**Recorded data**
▶

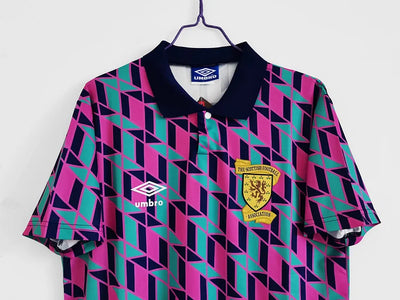 1988/89 Scotland away retro jersey 1:1 Thai quality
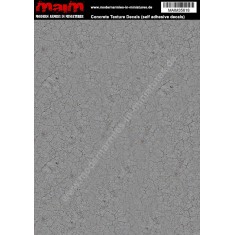 1/48 - 1/16 Concrete Texture Decals (self adhesive, 24cm x 17cm)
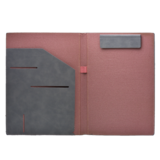 New personalized multifunction pu leather a4 size business conference signature Interview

◀

Would you restate, word for word, the lines from the one holding "1/48 - 1/16" through the end of the material above? Omit the pictures.

 1/48 - 1/16 Concrete Texture Decals (self adhesive, 24cm x 17cm)
 New personalized multifunction pu leather a4 size business conference signature Interview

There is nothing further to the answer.